Besides featuring the instant radio hit I’ll Be Good To You, the album includes 11 more tracks: EndlessSummer Nights, You Will Always Be, The Dance Floor, For You Babe, Since You Left, Watayaya, Girl You Know, I Could Never Take The Place, I’m So Glad, Just For You and In The Name Of Jesus.
“In my opinion, the songs I’ll Be Good To You, For You Babe and You Will Always Be will probably be the ones to last a while on the air-waves,” says Keala. “But there’s a song on this album called The Dance Floor that is typically not an Ekolu-radio-friendly song, but if it gets played, people won’t be able stop bobbing their heads when they hear this track.”
Also fresh to this album is the talent of a new member, Big Island boy Kamakoa Lindsey-Asing, who stepped in for Akoni Dellomes.
“Kamakoa picked up not missing a beat - the guy is so talented,” says Keala. “I am very appreciative to have him in the band along with all the other guys. They make the music in my head come alive.
Also big for Ekolu and its own label, Waiehu Records, is a newly built studio the group used to record this album.

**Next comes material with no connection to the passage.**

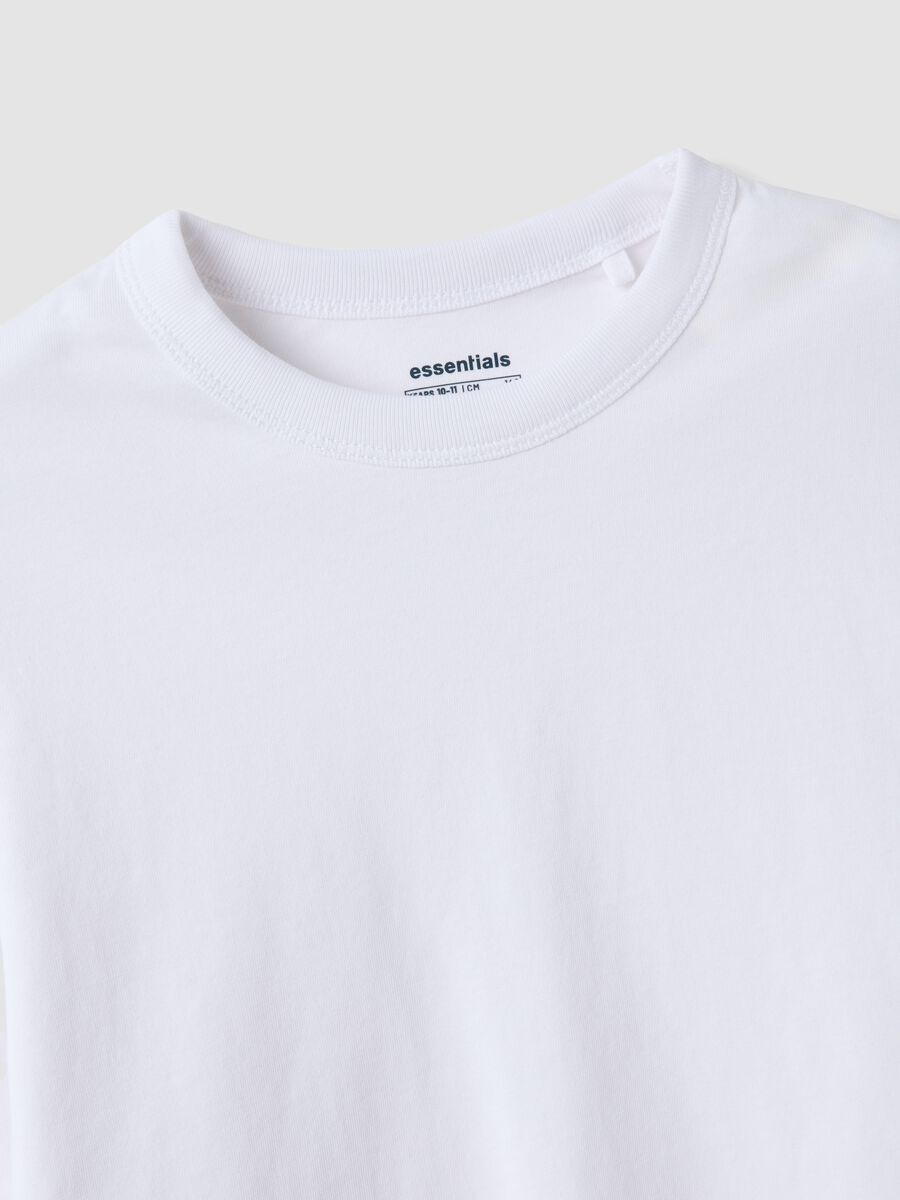 White pure cotton T-shirt with ribbed neckline for girls_2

Of course, they had to break it in themselves recording this album before opening it up to other artists.
To celebrate their release, Ekolu is planning not one, but three CD release parties. They’ll be starting in Hilo at Wai’s Sept. 12, then it’s off to Maui at Lulu’s in Lahaina on Sept. 25, and then Oahu at Pipeline Café Nov. 6.
In the works are CD release parties on Kauai, Molokai and in Kona.
Go check um, go check um, go ...
Also on the go-check-um list is the Manoa Jazz Festival happening next week Saturday (Sept. 19) at UH Manoa’s Andrews Amphitheatre.
The Iolani School Stage Band, led by Curtis Abe, will open the program at 6:30 p.m. Hot 8 Brass Band mixes is up with traditional New Orleans jazz, funk, gospel and a touch of R&B at 7:30 p.m., and the HPU Jazz Ensemble, under the direction of Patrick Hennessey, will take the stage at 9:15 p.m.
“This is our first year and we were very pleased we were asked to perform,” says Hennessey, who just retired from the Royal Hawaiian Band, taking on the full-time position as director of bands at HPU. “We try to stick to big band jazz standards and will do things from artists such as Duke Ellington.”
Just a few years old, the HPU Jazz Ensemble is in the building stage. Hennessey, who worked with the UH Jazz Ensemble, says it’s a much different challenge because unlike UH, HPU doesn’t offer a music degree, so the musicians are not music majors.
“Many of my best players at UH were not music majors either, so I’m firmly convinced that we have a fine start,” says Hennessey. “You don’t have to be a music major, it’s the same dedication. It’s all what you put into it.”
The HPU Jazz Ensemble is a talented and growing group of musicians: Scott Villiger, Bredina Lemmer, Larry Cooke, Lloyd Luna, Cody Moore, Daniel Peters, Kyle Wong, Wesley Chon, Jensen Lung, Jeffrey Paragas, Marty Borja, Dylan Yamauchi, Leighton Pohano, Scott Kilousky, Ryoko Oka, Bailey Matsuda, Shay Marcello, Bronson Tanaka, Juan Odean, Christopher Suesz, Jeffrey James, Amanda Llameda, Jared Tomi and Christian Bautista.
Gates open at 6 p.m. for the festival. Advance tickets cost $15-$25; $20-$30 at the door, and are available online at www.etickethawaii.com.